↓

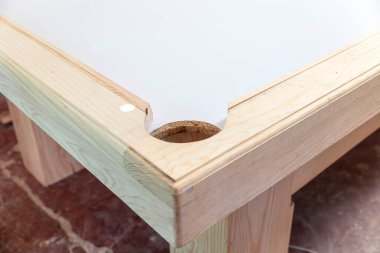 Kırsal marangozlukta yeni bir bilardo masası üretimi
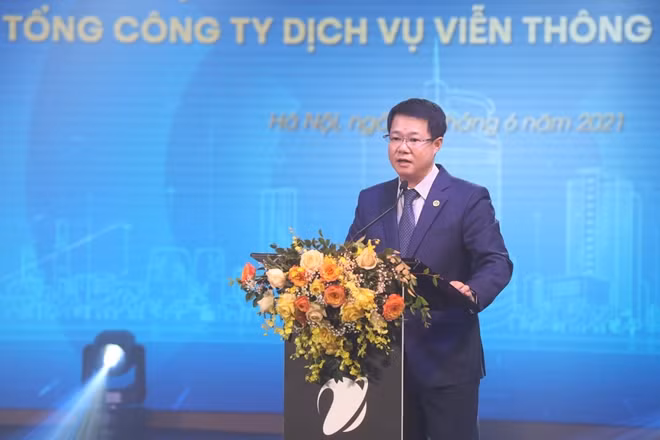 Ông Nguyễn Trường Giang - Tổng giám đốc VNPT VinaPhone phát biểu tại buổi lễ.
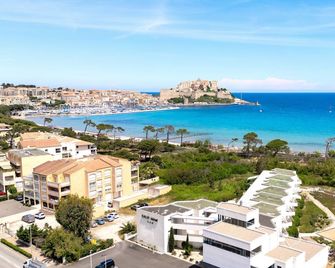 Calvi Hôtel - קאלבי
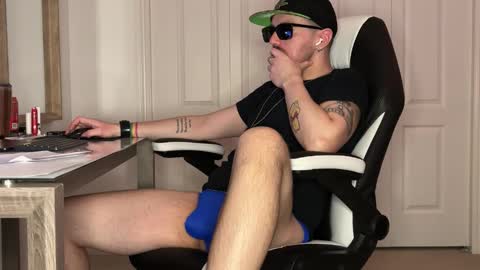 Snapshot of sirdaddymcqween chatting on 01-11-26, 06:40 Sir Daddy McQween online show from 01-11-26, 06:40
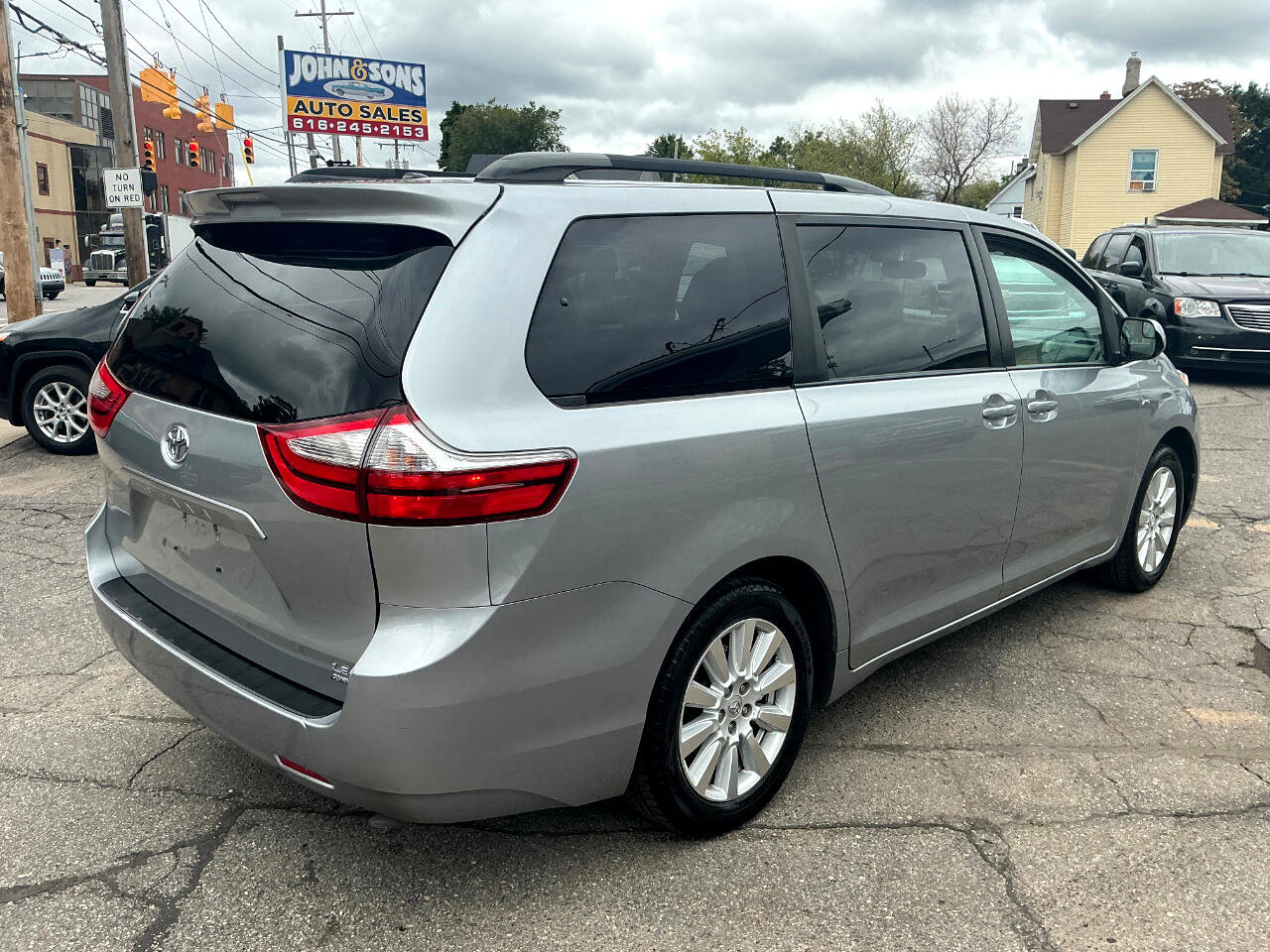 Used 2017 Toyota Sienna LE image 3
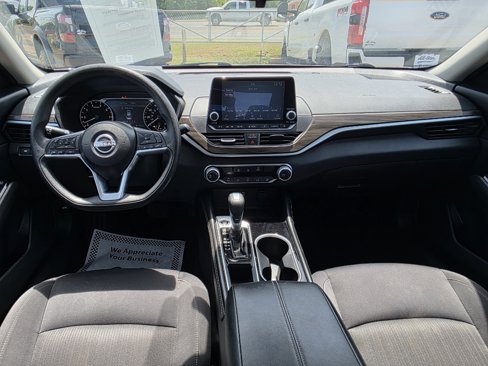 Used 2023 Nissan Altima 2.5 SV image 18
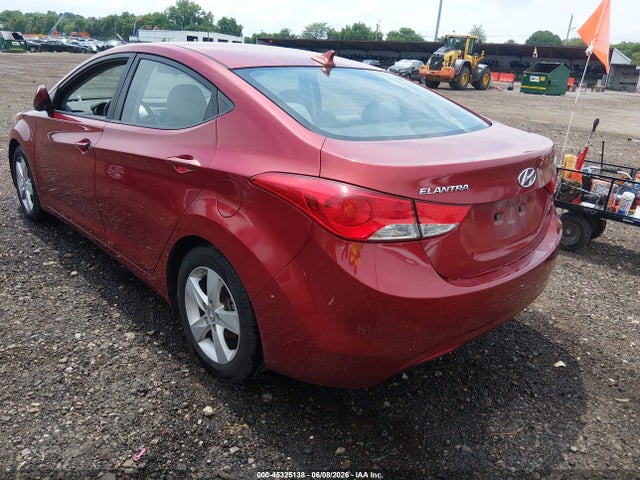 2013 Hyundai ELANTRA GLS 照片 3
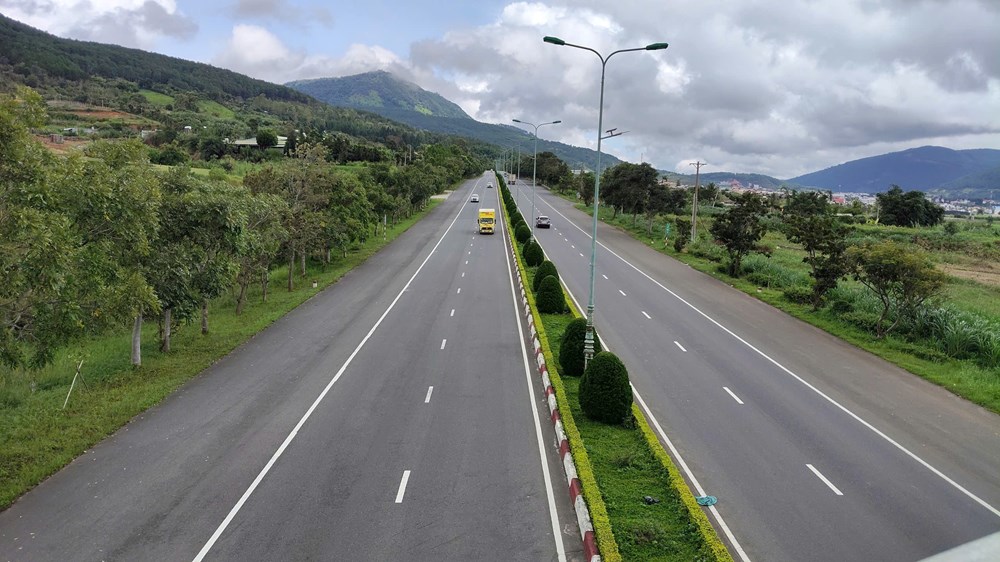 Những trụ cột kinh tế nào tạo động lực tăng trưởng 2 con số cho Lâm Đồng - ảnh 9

↑

> WHAT IS BEING ASKED:
Beginning with the line that contains "Used 2023 Nissan Altima 2.5 SV image 18" and ending with the last line of the data, transcribe each line exactly; pictures stay out.

> ANSWER BELOW:
 Used 2023 Nissan Altima 2.5 SV image 18
 2013 Hyundai ELANTRA GLS 照片 3
 Những trụ cột kinh tế nào tạo động lực tăng trưởng 2 con số cho Lâm Đồng - ảnh 9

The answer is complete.